Hydrodynamic Cavitation of Waste-Activated Sludge


TOPAÇ ŞAĞBAN F. O. , DİNDAR E., Cirakoglu C., KESKİNLER B.

ENVIRONMENTAL ENGINEERING SCIENCE, vol.35, no.8, pp.775-784, 2018 (Peer-Reviewed Journal) identifier identifier identifier

  • Publication Type: Article / Article
  • Volume: 35 Issue: 8
  • Publication Date: 2018
  • Doi Number: 10.1089/ees.2016.0408
  • Journal Name: ENVIRONMENTAL ENGINEERING SCIENCE
  • Journal Indexes: Science Citation Index Expanded, Scopus
  • Page Numbers: pp.775-784
  • Keywords: cavitation number, hydrodynamic cavitation, orifice, sludge disintegration, waste-activated sludge, ADVANCED OXIDATION PROCESS, ANAEROBIC-DIGESTION, WATER TREATMENT, ULTRASONIC PRETREATMENT, COMBINED ALKALINE, DEGRADATION, DISINTEGRATION, SOLUBILIZATION, OPTIMIZATION, CARBAMAZEPINE

Abstract

Hydrodynamic cavitation systems have shown considerable promise for wastewater treatment.

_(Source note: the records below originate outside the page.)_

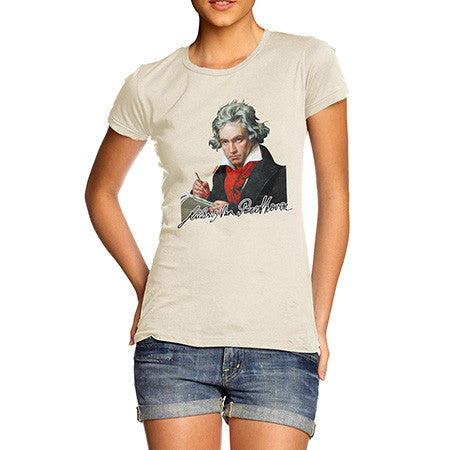 Women's Beethoven Autograph T-Shirt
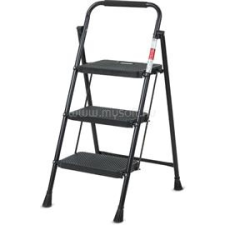 LAMART LT8097 3 fokú létra EUROSTEP (LAMART_LT8097) létra és állvány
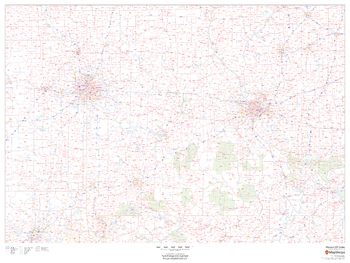 Missouri ZIP Code Map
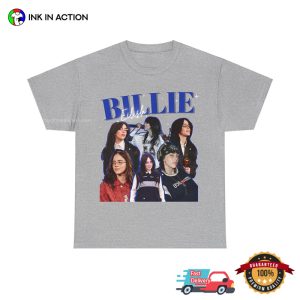 Billie Eilish Lesbian singer Vintage 90s T shirt 2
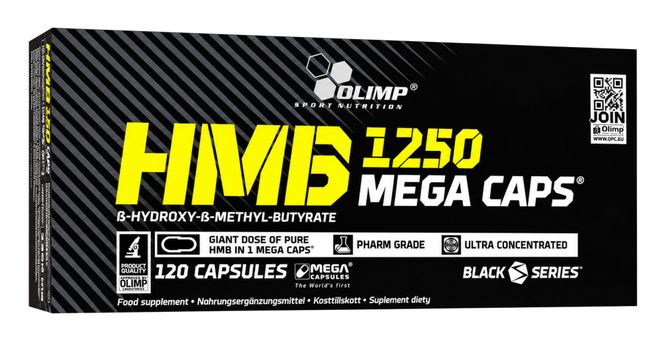 Hovedbilde Olimp HMB 1250 - 120 Kapsler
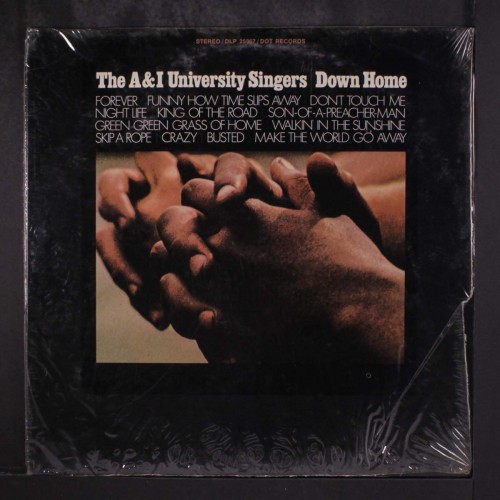 The A And I University Singers-Down Home-LP-FLAC-1969-THEVOiD
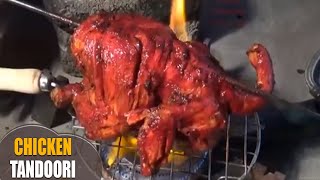 whole chicken tandoori in gas stove | Village Style Chicken Tandoori Recipe by Latha Channel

These systems are also used as a sludge pretreatment device to increase treatment efficiency of anaerobic sludge digestion systems. Although there are some literature related to disintegration of waste-activated sludge by hydrodynamic cavitation, effects of some operational variables in an orifice-based system, such as cavitation number and orifice diameter on sludge solubilization efficiency, are missing. In this study, waste-activated sludge that originated from a food processing facility was disintegrated mechanically on a laboratory scale using an orifice-based hydrodynamic cavitator. Use of NaOH, Ca(OH)(2), and H2O2 together with hydrodynamic cavitation was also evaluated. Results showed that after 150min of cavitation, disintegration degrees of 32% to 60% were obtained. Based on results, optimum cavitation number and orifice diameter selected for disintegration of waste-activated sludge were 0.2 and 3mm, respectively. Enhanced solubilization was achieved in the case of hydrodynamic cavitation combined with chemical addition. The best results for the disintegration of solids and organic carbon release in terms of soluble chemical oxygen demand (SCOD) were obtained for the combined system of H2O2 addition with a dose of 20mg/L and hydrodynamic cavitation. According to biochemical methane potential test (BMP) results, 20% to 89% higher biogas production was observed in disintegrated sludges comparing to raw sludge.